2. $h\in\Bbb K$ is some scalar.
Now if $h$ is a typo then you can "remove it" from the question by taking $h=1$ from point 2. As such I will simply assume that $h$ is some scalar in the base field and prove it for that case - if the question does not have any $h$ in it (ie the $h$ is a typo) then just take $h=1$ in what follows.

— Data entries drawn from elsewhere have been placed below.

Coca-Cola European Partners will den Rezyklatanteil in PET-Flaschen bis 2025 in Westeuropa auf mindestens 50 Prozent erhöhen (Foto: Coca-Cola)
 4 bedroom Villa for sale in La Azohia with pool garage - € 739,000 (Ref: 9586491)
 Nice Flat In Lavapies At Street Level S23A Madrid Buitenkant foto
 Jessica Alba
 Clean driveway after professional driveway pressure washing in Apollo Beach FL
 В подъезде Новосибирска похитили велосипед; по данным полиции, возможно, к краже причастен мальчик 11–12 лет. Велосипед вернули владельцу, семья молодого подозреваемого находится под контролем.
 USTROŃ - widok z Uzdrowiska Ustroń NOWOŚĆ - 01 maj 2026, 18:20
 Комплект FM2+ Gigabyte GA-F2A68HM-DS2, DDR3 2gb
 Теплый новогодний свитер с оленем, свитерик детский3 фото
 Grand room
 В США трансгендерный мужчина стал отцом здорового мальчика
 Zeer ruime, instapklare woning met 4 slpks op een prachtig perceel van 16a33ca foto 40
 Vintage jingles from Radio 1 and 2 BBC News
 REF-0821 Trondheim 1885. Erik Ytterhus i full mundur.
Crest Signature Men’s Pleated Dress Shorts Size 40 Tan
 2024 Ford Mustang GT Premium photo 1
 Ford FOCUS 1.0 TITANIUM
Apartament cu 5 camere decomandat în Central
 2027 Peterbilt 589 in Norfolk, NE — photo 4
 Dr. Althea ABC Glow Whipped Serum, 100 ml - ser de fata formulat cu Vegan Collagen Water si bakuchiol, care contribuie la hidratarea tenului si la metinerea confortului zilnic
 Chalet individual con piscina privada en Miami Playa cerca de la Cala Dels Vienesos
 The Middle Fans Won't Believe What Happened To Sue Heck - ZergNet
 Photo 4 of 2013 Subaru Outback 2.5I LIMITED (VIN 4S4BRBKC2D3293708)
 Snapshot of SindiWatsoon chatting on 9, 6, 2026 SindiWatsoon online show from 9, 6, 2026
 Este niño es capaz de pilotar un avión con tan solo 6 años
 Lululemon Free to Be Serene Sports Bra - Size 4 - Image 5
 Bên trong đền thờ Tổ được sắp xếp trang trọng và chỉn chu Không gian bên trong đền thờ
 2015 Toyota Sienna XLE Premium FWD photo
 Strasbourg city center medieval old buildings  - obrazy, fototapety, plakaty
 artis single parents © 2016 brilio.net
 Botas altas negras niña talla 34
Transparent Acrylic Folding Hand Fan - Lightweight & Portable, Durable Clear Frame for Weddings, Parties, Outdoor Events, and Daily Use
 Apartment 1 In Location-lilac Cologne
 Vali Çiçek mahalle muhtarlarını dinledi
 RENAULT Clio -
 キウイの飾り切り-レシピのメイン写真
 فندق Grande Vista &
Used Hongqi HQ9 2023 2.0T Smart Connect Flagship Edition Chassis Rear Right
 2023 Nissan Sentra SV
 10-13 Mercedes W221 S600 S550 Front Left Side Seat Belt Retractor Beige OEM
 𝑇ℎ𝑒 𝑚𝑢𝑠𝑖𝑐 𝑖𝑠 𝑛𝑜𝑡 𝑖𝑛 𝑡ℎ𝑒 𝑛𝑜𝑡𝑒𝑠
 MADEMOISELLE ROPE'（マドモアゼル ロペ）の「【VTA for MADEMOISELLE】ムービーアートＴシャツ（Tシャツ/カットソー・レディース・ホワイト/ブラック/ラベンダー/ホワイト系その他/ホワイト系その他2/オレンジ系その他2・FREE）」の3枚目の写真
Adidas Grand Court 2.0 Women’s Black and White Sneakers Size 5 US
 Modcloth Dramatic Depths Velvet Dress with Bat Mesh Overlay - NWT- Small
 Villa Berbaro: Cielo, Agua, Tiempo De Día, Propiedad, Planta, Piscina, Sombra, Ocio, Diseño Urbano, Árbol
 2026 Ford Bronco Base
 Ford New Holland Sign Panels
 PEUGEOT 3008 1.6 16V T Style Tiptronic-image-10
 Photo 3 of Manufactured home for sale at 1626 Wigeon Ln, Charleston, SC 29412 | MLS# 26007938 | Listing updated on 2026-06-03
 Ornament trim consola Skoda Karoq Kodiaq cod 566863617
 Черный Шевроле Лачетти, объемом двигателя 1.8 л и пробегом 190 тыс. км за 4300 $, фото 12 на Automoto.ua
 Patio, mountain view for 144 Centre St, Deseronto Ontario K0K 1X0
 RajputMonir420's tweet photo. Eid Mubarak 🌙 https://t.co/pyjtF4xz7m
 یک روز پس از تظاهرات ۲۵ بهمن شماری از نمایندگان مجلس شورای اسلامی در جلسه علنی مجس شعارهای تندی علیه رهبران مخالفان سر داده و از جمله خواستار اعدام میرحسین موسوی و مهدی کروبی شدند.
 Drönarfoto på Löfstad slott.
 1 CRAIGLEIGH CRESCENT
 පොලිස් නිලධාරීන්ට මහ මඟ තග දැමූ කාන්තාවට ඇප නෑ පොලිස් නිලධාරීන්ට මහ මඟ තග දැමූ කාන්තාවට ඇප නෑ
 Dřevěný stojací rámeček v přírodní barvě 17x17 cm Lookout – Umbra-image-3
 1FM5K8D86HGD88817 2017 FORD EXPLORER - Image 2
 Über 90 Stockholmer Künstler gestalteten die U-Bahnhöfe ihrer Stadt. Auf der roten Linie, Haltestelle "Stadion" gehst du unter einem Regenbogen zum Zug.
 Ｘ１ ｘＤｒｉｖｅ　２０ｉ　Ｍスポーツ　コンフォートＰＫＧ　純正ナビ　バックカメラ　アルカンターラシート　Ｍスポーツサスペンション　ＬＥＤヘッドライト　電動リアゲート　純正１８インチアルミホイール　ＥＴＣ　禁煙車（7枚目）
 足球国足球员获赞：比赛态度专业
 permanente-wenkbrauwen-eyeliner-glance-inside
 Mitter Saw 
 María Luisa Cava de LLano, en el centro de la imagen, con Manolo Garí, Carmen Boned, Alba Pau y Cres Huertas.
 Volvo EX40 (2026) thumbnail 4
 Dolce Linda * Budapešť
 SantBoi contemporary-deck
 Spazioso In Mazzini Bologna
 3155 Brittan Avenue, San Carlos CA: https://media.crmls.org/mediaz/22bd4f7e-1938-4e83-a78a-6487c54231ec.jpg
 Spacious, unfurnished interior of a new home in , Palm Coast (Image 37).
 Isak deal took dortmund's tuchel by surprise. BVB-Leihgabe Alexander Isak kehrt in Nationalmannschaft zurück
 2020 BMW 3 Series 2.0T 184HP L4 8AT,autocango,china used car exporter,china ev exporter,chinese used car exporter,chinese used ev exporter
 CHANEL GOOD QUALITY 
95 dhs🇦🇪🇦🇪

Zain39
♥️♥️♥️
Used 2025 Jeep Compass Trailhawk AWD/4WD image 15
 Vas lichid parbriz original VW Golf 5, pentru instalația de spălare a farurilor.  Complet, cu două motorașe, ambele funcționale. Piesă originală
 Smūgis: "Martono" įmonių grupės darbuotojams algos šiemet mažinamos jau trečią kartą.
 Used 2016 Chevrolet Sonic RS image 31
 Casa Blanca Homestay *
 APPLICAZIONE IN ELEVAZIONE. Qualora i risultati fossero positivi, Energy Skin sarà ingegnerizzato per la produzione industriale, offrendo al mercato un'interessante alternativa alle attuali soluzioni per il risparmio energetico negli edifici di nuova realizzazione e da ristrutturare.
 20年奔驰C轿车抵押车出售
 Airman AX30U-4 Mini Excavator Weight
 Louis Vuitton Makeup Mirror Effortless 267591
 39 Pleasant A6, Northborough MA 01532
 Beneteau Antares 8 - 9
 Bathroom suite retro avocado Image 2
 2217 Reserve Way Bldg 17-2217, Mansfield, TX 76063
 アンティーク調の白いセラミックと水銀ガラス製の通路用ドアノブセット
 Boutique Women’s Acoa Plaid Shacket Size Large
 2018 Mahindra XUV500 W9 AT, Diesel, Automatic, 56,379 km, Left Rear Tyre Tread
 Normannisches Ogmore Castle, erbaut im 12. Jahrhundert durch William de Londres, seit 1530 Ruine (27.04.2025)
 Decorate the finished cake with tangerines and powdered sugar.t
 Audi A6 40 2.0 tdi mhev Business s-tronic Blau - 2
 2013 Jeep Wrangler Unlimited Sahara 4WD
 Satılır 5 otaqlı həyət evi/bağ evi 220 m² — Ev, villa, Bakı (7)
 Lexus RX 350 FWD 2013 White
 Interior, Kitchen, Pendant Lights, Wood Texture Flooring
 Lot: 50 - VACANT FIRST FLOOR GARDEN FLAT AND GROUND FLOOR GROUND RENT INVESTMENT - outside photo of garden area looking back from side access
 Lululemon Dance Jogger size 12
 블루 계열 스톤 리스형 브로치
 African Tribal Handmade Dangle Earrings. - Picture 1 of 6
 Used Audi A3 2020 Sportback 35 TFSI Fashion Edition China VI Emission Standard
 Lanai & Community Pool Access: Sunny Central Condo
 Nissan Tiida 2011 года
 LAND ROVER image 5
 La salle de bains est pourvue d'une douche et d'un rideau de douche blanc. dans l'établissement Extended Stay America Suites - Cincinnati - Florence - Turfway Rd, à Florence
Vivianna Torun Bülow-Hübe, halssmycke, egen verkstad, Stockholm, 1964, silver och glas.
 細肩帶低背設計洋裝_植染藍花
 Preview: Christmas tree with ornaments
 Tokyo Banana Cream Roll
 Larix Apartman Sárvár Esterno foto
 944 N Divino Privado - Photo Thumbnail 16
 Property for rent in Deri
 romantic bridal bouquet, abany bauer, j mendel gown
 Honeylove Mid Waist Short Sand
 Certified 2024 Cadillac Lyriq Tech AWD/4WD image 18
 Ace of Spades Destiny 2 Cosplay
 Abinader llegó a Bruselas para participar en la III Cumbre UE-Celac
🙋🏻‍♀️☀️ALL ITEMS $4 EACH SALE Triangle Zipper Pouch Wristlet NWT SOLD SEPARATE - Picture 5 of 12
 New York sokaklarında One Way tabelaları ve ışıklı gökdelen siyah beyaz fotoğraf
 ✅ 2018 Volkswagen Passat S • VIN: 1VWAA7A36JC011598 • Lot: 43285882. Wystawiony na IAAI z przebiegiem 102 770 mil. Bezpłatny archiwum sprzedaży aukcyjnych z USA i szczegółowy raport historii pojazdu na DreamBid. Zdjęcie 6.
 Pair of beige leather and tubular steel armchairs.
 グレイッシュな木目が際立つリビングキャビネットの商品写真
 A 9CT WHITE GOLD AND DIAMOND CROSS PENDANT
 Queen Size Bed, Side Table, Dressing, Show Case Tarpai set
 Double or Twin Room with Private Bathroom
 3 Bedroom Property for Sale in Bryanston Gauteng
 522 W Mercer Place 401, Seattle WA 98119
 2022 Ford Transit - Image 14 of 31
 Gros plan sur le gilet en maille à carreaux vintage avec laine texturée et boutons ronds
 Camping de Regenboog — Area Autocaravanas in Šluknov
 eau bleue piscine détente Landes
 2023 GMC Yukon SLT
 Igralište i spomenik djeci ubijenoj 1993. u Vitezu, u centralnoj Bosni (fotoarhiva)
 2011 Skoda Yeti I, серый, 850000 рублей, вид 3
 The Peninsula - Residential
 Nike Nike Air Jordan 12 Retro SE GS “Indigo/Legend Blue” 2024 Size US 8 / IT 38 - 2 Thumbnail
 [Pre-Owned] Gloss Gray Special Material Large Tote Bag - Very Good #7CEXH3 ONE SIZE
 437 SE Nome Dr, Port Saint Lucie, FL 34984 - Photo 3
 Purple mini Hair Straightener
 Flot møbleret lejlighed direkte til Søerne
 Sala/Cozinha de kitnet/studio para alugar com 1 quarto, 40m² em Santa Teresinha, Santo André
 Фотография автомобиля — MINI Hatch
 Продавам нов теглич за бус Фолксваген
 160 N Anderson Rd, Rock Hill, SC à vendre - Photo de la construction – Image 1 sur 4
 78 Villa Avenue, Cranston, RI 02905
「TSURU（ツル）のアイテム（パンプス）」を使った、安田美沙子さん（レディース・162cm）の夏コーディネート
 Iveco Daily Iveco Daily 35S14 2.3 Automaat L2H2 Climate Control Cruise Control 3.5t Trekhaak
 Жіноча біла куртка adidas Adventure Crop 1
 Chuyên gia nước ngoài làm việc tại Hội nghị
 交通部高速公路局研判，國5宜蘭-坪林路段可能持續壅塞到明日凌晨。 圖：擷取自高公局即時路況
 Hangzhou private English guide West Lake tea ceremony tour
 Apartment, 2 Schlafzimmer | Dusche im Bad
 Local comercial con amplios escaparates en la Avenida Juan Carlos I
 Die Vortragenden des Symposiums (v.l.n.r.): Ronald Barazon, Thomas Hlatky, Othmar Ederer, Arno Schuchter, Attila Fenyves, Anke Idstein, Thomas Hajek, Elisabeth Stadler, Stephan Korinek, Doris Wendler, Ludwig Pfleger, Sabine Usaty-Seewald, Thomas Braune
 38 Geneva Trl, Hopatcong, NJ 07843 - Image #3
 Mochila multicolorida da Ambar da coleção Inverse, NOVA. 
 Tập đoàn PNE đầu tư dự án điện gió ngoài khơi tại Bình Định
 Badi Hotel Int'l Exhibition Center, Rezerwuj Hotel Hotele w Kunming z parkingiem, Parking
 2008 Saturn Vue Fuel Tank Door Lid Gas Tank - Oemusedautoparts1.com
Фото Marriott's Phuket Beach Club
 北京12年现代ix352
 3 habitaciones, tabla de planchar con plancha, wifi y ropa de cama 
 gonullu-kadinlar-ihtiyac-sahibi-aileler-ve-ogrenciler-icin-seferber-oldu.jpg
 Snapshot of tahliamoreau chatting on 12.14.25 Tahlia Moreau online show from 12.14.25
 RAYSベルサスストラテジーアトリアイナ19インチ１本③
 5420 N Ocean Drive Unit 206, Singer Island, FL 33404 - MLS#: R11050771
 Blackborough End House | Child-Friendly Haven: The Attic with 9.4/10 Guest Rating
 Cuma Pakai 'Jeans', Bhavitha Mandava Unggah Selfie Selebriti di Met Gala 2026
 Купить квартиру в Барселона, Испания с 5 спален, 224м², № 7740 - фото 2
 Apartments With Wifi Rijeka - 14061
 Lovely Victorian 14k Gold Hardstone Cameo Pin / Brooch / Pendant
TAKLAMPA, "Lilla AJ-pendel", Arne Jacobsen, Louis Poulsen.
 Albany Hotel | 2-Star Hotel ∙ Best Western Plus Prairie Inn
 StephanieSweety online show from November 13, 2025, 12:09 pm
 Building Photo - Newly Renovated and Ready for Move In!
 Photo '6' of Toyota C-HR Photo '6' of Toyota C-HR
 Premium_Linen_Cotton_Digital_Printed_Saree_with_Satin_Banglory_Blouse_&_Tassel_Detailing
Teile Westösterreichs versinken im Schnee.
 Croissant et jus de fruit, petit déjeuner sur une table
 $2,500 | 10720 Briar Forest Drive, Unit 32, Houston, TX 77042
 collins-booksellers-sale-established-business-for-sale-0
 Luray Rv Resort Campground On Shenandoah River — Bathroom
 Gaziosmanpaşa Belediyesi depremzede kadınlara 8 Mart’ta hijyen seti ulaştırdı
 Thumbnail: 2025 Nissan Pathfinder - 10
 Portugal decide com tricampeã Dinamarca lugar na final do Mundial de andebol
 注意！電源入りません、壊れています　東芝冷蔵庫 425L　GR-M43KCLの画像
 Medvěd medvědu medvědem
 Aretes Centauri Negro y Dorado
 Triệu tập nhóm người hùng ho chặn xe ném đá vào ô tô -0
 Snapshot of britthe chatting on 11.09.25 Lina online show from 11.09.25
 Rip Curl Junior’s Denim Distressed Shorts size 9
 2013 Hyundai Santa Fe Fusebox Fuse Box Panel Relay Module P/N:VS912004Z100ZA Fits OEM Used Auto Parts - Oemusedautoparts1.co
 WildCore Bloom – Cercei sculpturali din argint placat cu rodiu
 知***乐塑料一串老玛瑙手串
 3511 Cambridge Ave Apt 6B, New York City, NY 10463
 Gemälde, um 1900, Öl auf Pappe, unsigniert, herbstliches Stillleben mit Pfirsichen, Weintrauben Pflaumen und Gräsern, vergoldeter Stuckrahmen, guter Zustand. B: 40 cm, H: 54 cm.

We will use the closed graph theorem, ie we will show that if $x_n\in H$ is a sequence so that $x_n\to x$ and $B x_n\to z$ for some $x,z\in H$ then $Bx=z$. This means that the graph of $B$ is closed - since $B$ has domain $H$ (ie a Banach space) the closed graph theorem gives that $B$ must be a bounded operator.

So let $y\in H$, one has:
$$\lim_n\langle B x_n,y\rangle = \langle \lim_n B x_n, y\rangle = \langle z,y\rangle$$
and also
$$\lim_n \langle B x_n, y\rangle = \lim_n \langle h x_n,By\rangle =\langle \lim_n hx_n,By\rangle = \langle hx,By\rangle = \langle Bx,y\rangle$$
so for all $y\in H$ one has $\langle Bx,y\rangle = \langle z,y\rangle$, ie
$$0=\langle Bx,y\rangle-\langle z,y\rangle = \langle Bx -z ,y\rangle$$
and then for $y=Bx-z$ you get
$$0=\langle Bx-z,Bx-z\rangle = \|Bx-z\|^2$$
and $Bx=z$. By the discussion above this verifies that $B$ has closed graph and since $B$ has domain all of $H$ we get that $B$ is bounded.

The answer is accepted.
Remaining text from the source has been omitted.